*Task directions*. What lines of the listing include the string "Home"? Show them all.

··· Supplied data

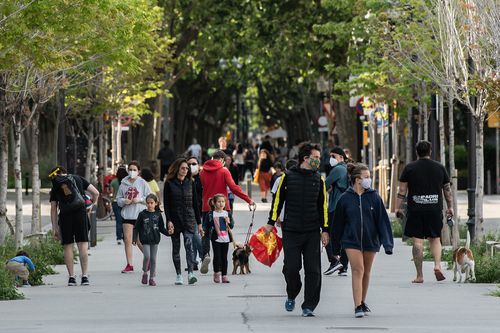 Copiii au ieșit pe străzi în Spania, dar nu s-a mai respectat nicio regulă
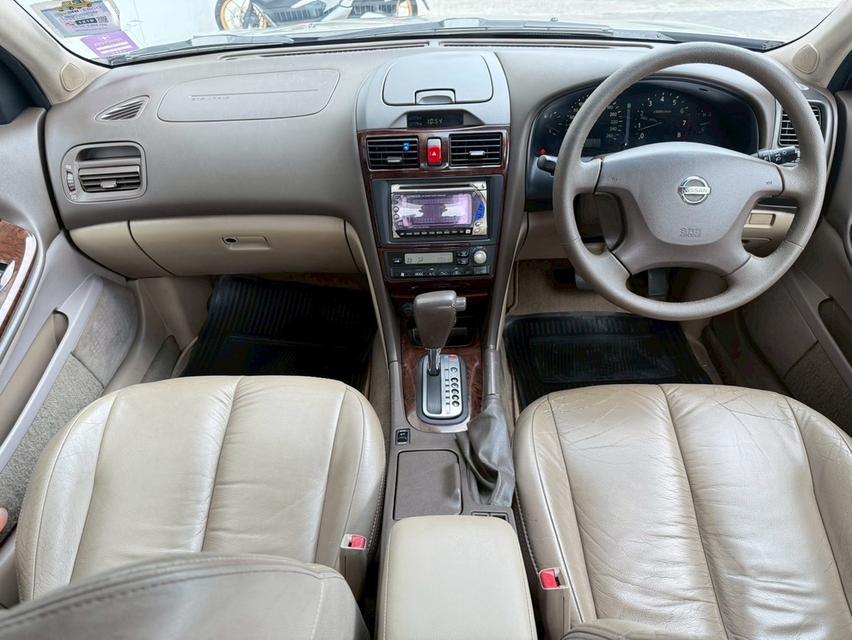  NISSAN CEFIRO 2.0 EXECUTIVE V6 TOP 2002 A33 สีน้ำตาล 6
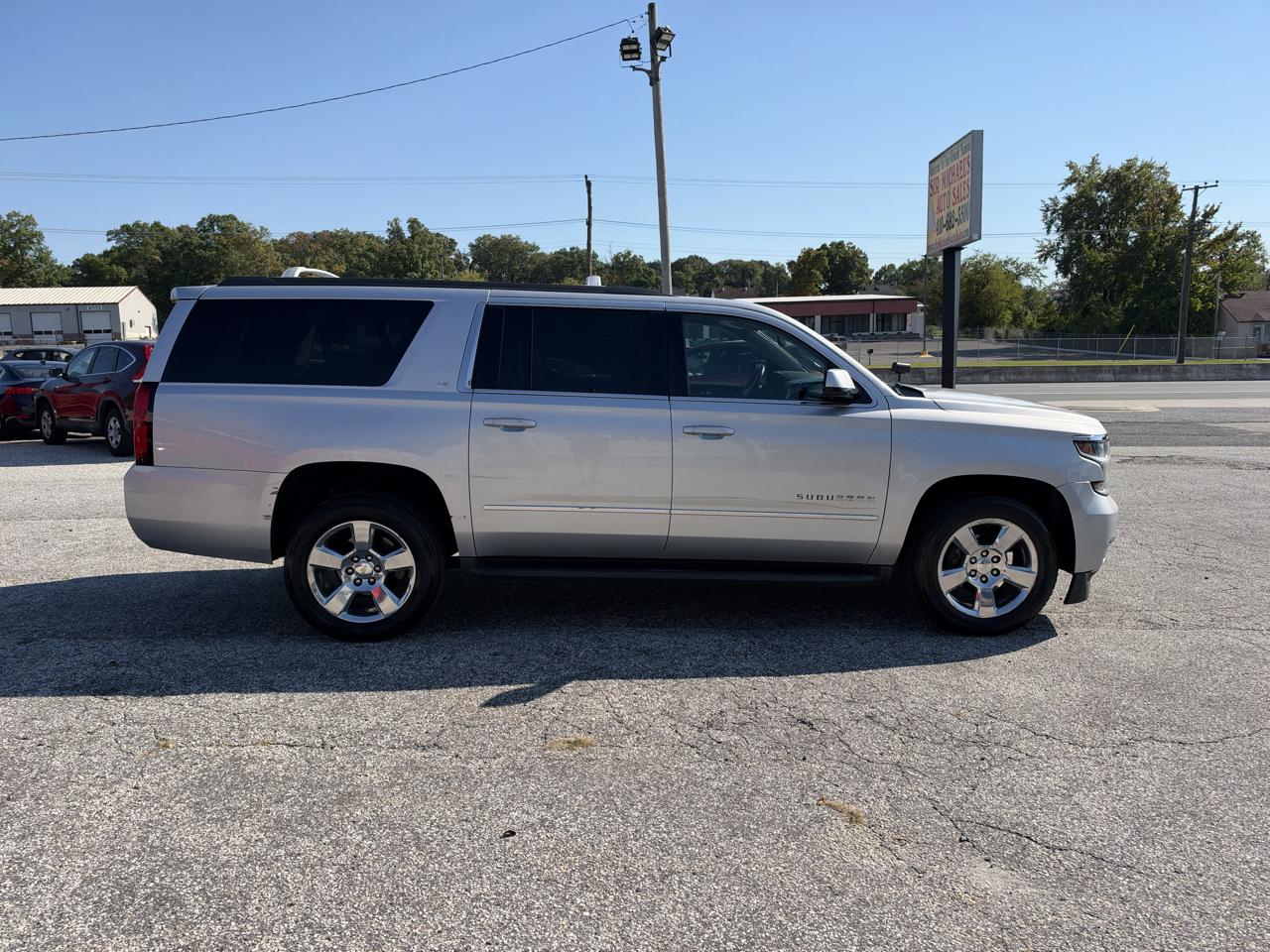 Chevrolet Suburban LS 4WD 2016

······
··· Supplied data

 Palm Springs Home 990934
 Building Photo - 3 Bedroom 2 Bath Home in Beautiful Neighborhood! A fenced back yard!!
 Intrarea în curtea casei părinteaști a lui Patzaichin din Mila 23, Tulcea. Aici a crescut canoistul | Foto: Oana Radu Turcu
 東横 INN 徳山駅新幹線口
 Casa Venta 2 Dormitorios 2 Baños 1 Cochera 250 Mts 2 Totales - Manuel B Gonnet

······
··· Supplied data

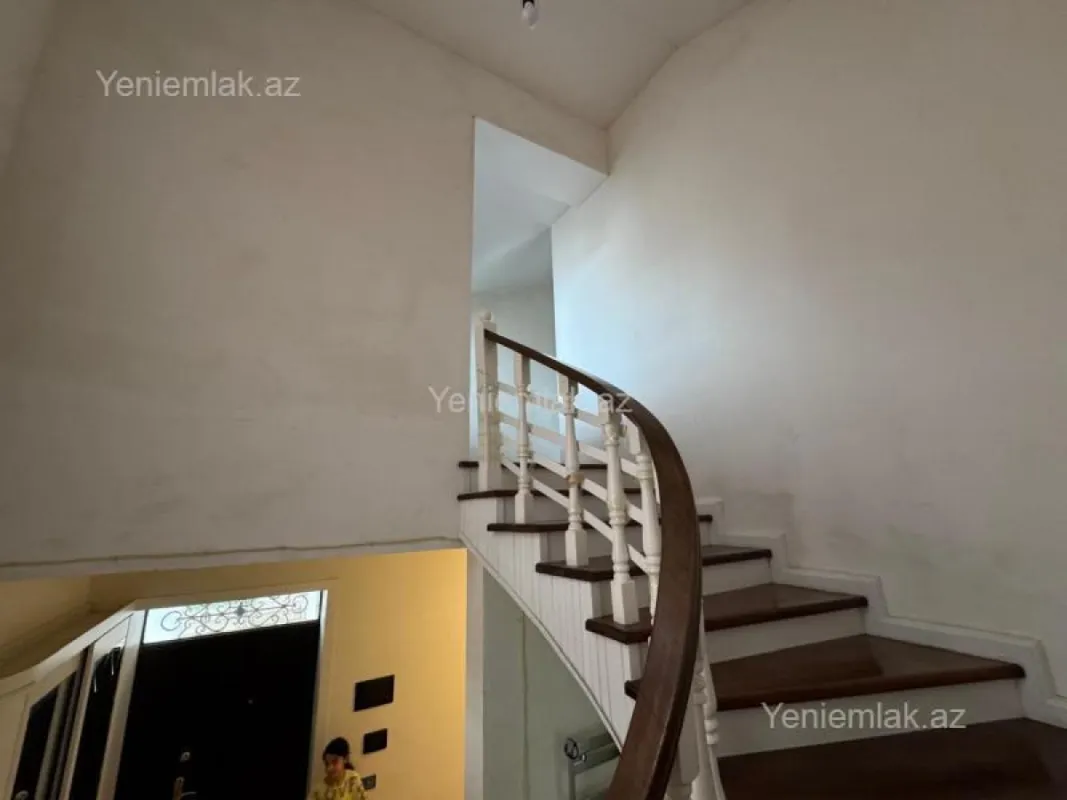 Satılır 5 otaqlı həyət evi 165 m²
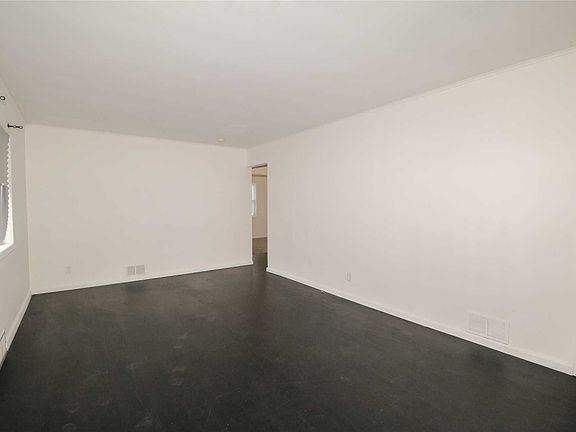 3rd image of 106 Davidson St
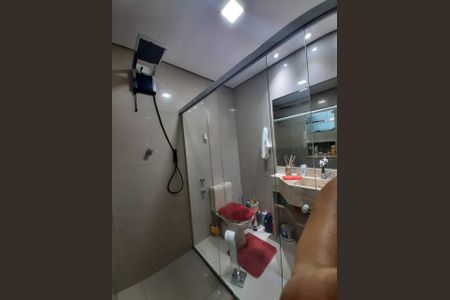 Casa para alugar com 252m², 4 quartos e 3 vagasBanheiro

······

*Completed exercise*.
 Palm Springs Home 990934
 Building Photo - 3 Bedroom 2 Bath Home in Beautiful Neighborhood! A fenced back yard!!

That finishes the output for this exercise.